This question is also complicated by the fact that virtually all radio stations nowadays use lossy compression extensively in their production process. So from a quality standpoint, it really could be far worse than you might think.
Jukebox software using Musicam/MP2 (!) has been standard for quite some time now - I remember seeing a Windows box with a sound card control all the programming on a station in 1992 or so, with a 9GB RAID array for music storage. NPR, if I'm not mistaken, still uses MP2 for its satellite feeds. The BBC has taken great pains to ensure a lossless signal path to the station, although it's typically compressed to hell on DAB anyway.
Nowadays I understand that syndicated content, and even individual music singles, are transferred over FTP, typically using MP3 or something of that nature. And it's entirely unclear what bitrates and encoders they're dealing with.
Ultimately, this hobbles the sound quality of HD Radio. The bitrates I've seen for it are great, and soundly beat XM/Sirius down - but virtually everything played on radio is already lossy compressed. So digital FM radio generally requires a transcode! Not good.
Your information is quite dated. The need for lossy compression for digital audio storage in broadcasting went out in the late 1990s. Musicam...never really got started. MP3 is really MP2 layer 3. We used high-rate mp3 when large SCSI HDDs were expensive. Those days are long gone. In the early 2000s the "norm" was uncompressed broadcast .wav files for music libraries, possibly .mp3 for commercials because they arrived for air-play done that way already.
Today when MP2 Layer 3 (MP3) is used, it's generally at 256Kbps or higher, and results in files indistinguishable from the original. There are situations where low-rate compression gets aired, but it's not the norm any more, and isn't why radio stations sound different from each other.
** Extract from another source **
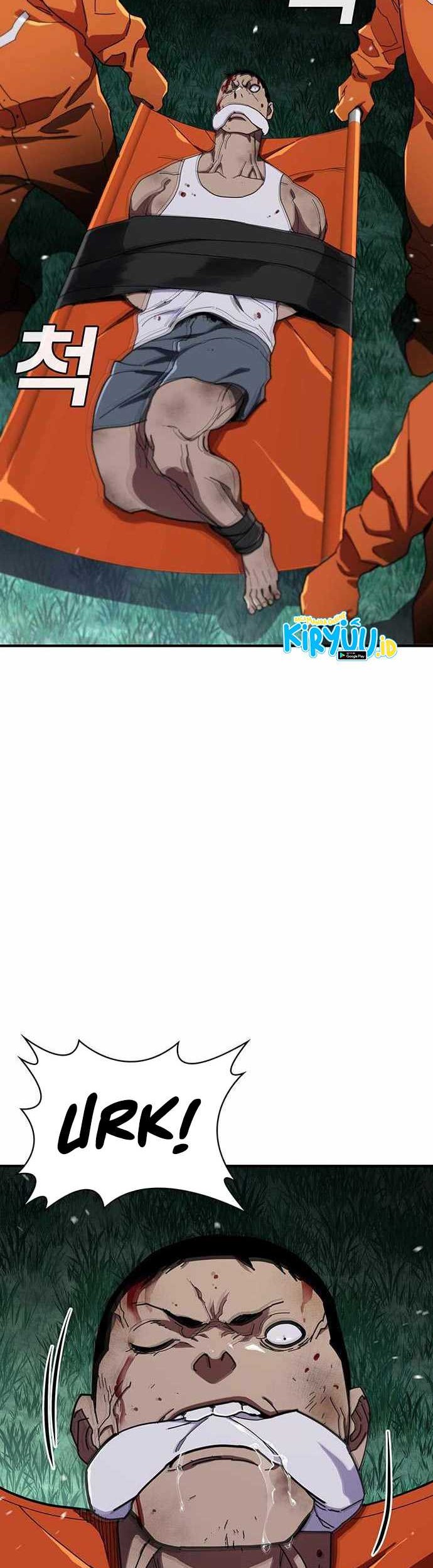 Ranker (2022) Chapter 46 halaman 11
Studio-transmitter links are minimally lossy at worst, more typically lossless today. The "hobbling" of HD Radio (no such thing as digital FM, sorry), is in that the total available bandwidth can be divided into several sub-channels. If HD1 only is used, the results are pretty darn transparent. If the station elects to use many sub channels, there must be progressively higher bit-rate reduction, with the highest quality still presented on HD1, but never as good as when that's the only digital stream transmitted.
It would not be correct to say, "virtually everything played on radio is already lossy compressed", however.
The one mandatory transcode is into an HD Radio transmitter. But that transcode doesn't hit analog FM. The presence of an HD Radio signal does degrade analog FM slightly, but not in terms of transmitted audio bandwidth on analog FM.
Far and away, the most damage done to a broadcast signal occurs in the broadcast processing chain, not the storage and transmission of the audio.